When Hudson Taylor turned his eyes to the inland areas of China, it was not because these coastal areas were fully evangelized. He saw that to complete the Great Commission, those beyond had to be reached. He had a plan and a measurable objective and set out to reach all of China. In so doing, he was following "a strategy of closure."
Fifty years later in 1910 at the World Missionary Conference in Edinburgh, Scotland, most of the known missionary societies of the world joined together in an effort to strategize the completion of world evangelization. Essential to the basic fabric of this meeting of hearts and minds was a "strategy of closure." Only recently have plans been developed for another conference of this same sort. The World Consultation for Frontier Missions, to be held again in Edinburgh in 1980, will also draw together all the known mission agencies of the world, both Western and Non-Western, in order to strategize between themselves how to go about reaching those 16,750 still unreached peoples of the world. This again is a "strategy of closure."
I do not believe that we can be content with "vague generalizations" when dealing with the Great Commission. These 16,750 ethnic groups still need a viable church planted within their societies. India alone has 2, 900 such unchurched peoples. By the year 2000 we must attempt a final
push across these remaining frontiers. What will be the response of the Church to this challenge This I believe is the final condition inherent in our watchword.
3) This Watchword requires a sacrificial commitment
In an age of specialization, when academia and the various media encourage young people to pursue profitable careers arising from their personal interests, one wonders if this generation can ever really link up with a task as costly to self interest as the Great Commission Can their priorities be shifted? Can their small ambitions be shelved in light of the mandate which confronts us? In the words of John Wesley, our watchword--"A Church for Every People by the Year 2000"-can provide the "expulsive power of a new affection" which will wipe all small ambitions from their hearts.
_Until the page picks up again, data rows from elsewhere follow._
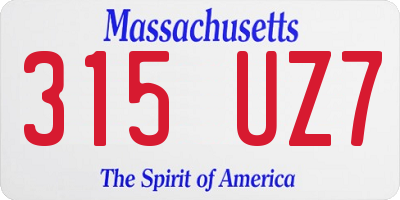 MA license plate 315UZ7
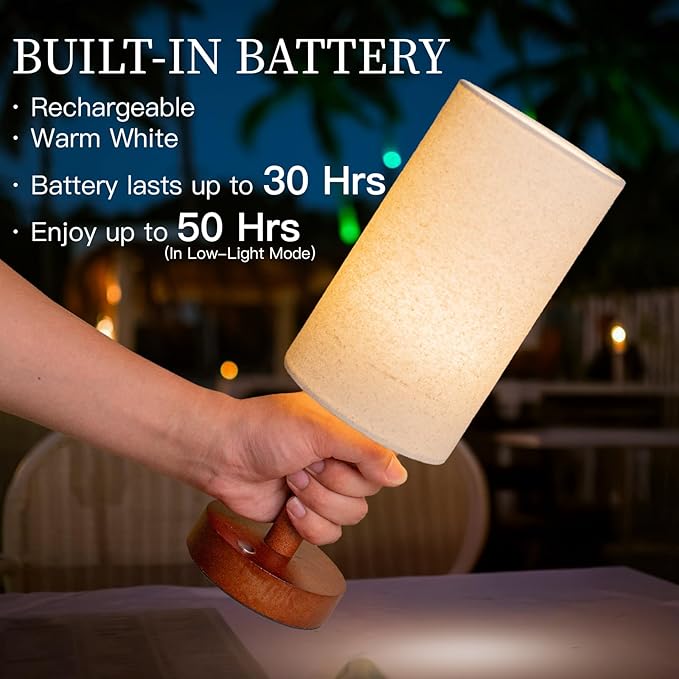 Small Table Lamp Nightstand Lamp Linen Lampshade Bedroom Wood Base Small Bedside Lamp for Night Stands, Desk Lamps for Reading Living Room, Office (LED Bulb Included) (Walnut Wood Cordless(2))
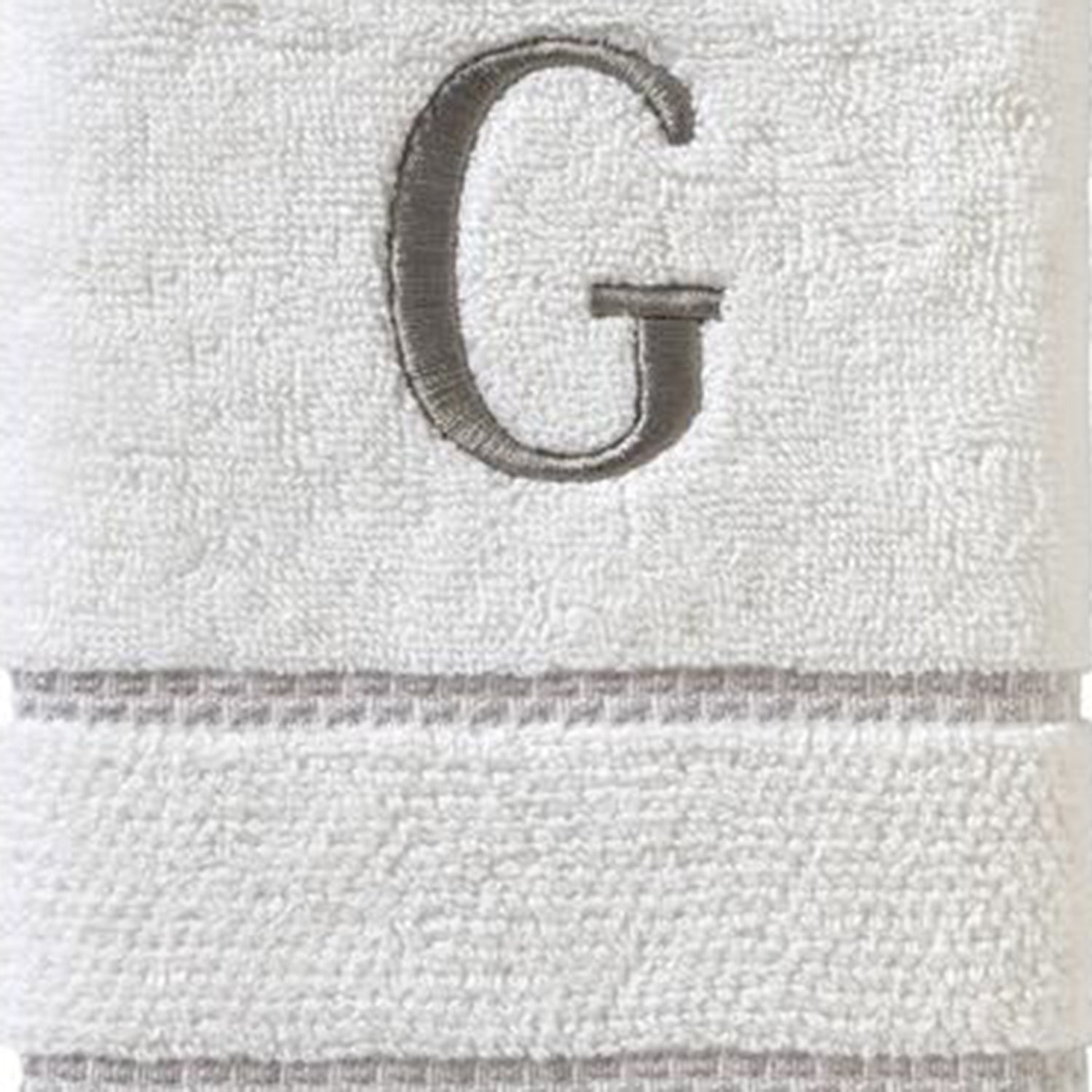 SKL Home By Saturday Knight Ltd Casual Monogram Hand Towel Set G - 2-Count - 16" X 26", White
Who will be required to make this sacrificial commitment? Is it only U.S. and European students? No, now there are resources world wide. In conferences in Singapore, Korea, India, and other countries in the Third World students are considering the claims of the Great Commission on their lives. The watchword today is made in the context of an international thrust.
There must also be an intergenerational thrust. Young men will see visions but old men will dream dreams! Without the resources and commitment of those who remain and fortify the base, the ability of many young people to launch into service will be hampered. The entire generation, both young and old, must take up the challenge.
Our watchword, then, like that almost a hundred years ago, must not be too weak to demand our best. It must not be so limited that it fails to work toward completing the task. And it must be wise enough to reach people within their own cultures and languages, no matter how many that may involve. "A CHURCH FOR EVERY PEOPLE BY THE YEAR 2000" requires all three of these. May we find it within ourselves, fueled by the facts and consumed by the Holy Spirit and by our love for the Lord of the harvest, to give ourselves to this great mandate.